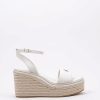 Femme Calvin Klein | Acheter Calvin Klein Wedge 50Hh W/Hw - Jq En Ligne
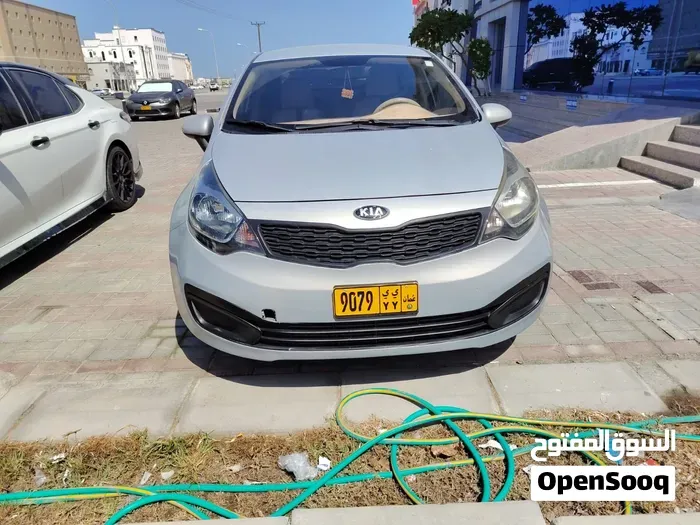 Kia Rio 2014 photo 4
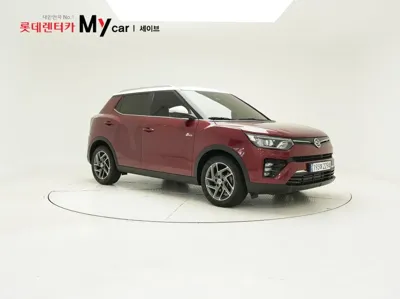 KG_Mobility_Ssangyong TIBOLI 2022, 35421 км, за 10540000 KRW - фото 7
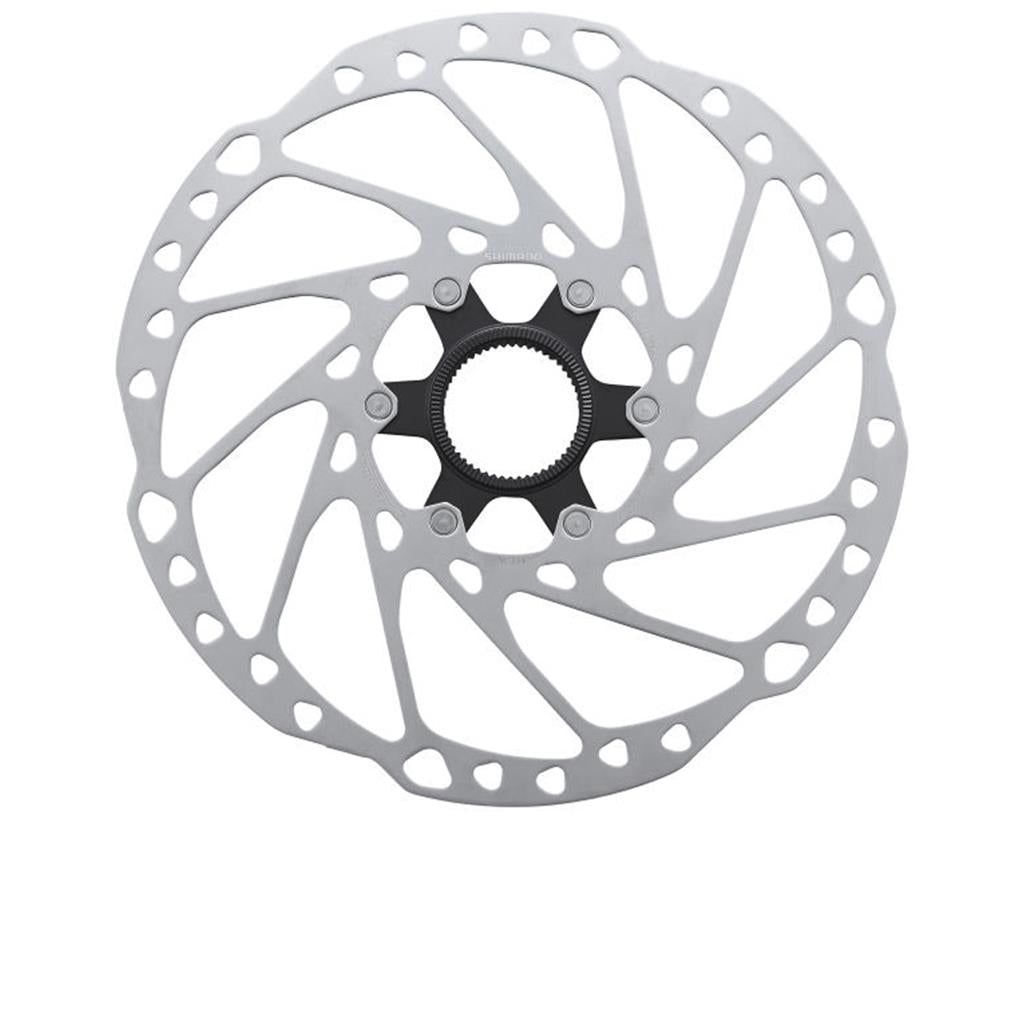 203 CL Shimano Deore Bremsscheibe SM-RT64 W-Lock 203 mm CL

» **What is required**:
In the listing, find the line containing "KG_Mobility_Ssangyong TIBOLI 2022, 35421" and repeat it and every later line through the last one, word for word, excluding the pictures.

» **Your response**:
 KG_Mobility_Ssangyong TIBOLI 2022, 35421 км, за 10540000 KRW - фото 7
 203 CL Shimano Deore Bremsscheibe SM-RT64 W-Lock 203 mm CL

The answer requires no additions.